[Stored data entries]

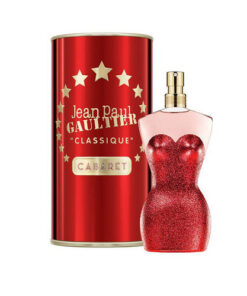 Classique Cabaret Eau De Parfum 100ML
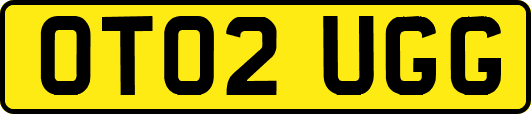 OT02UGG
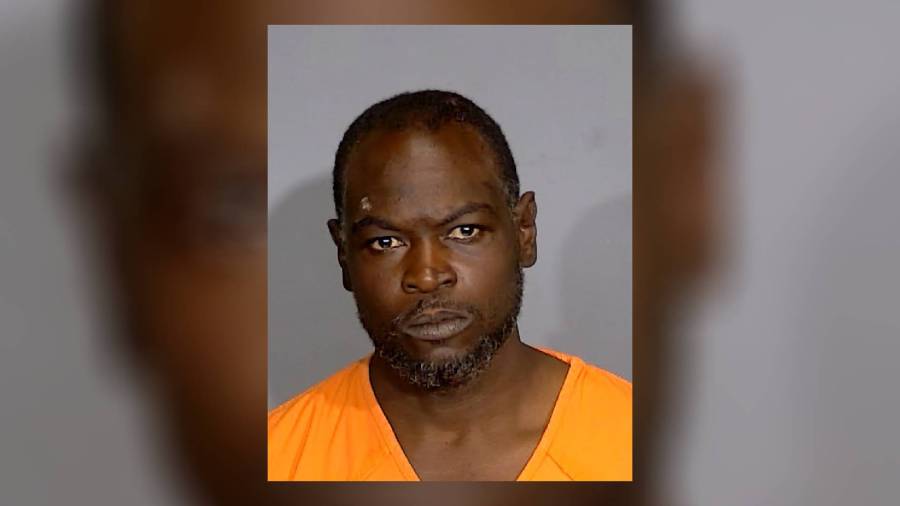 IMPD: Reported downtown fight leads to attempted murder arrest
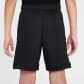 Nike Kinder Short Dri-FIT Academy 25 FZ9784 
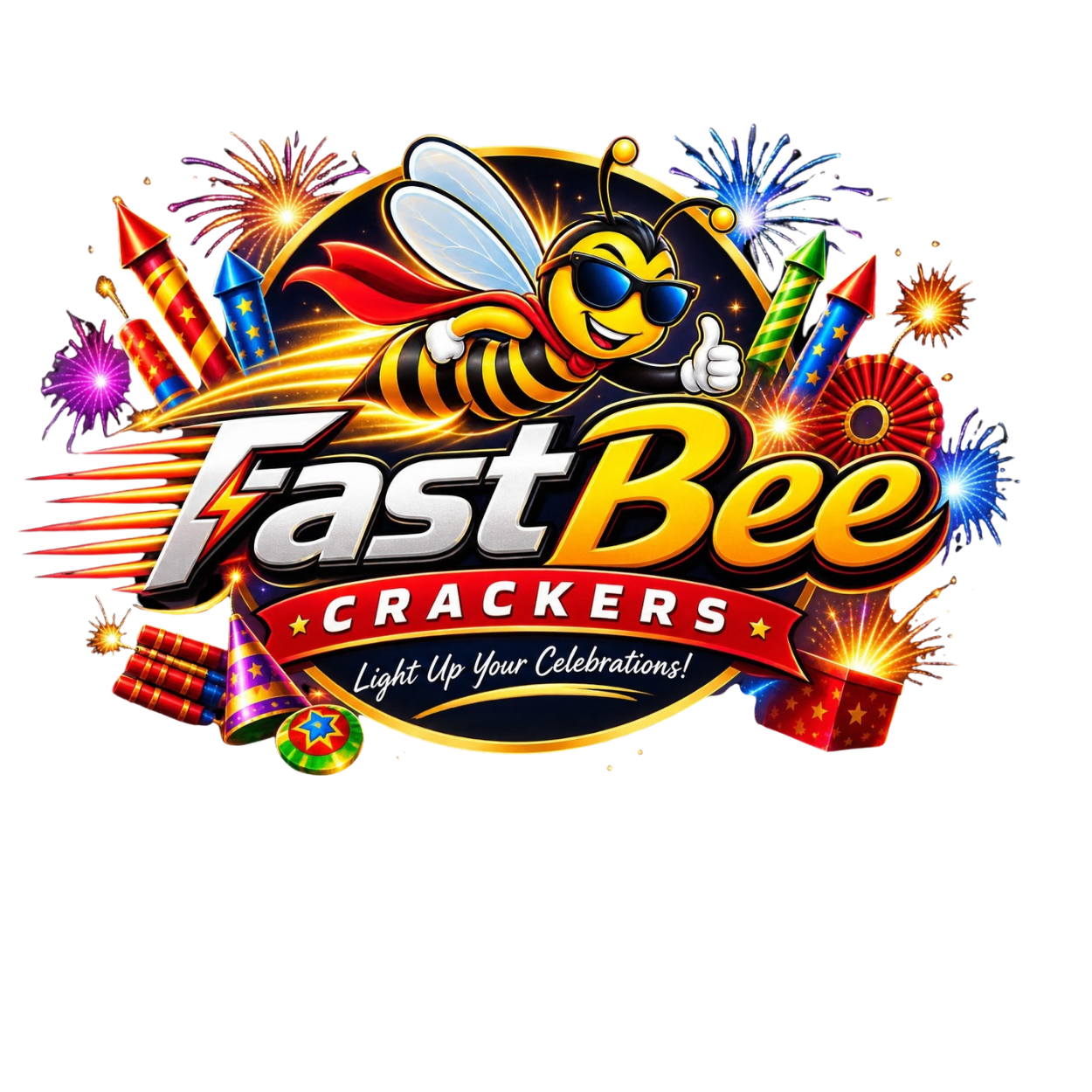 Fastbee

TASK GOAL – In your copy, include no pictures, but set down every record exactly.

EXERCISE RESULT –
 Classique Cabaret Eau De Parfum 100ML
 OT02UGG
 IMPD: Reported downtown fight leads to attempted murder arrest
 Nike Kinder Short Dri-FIT Academy 25 FZ9784 
 Fastbee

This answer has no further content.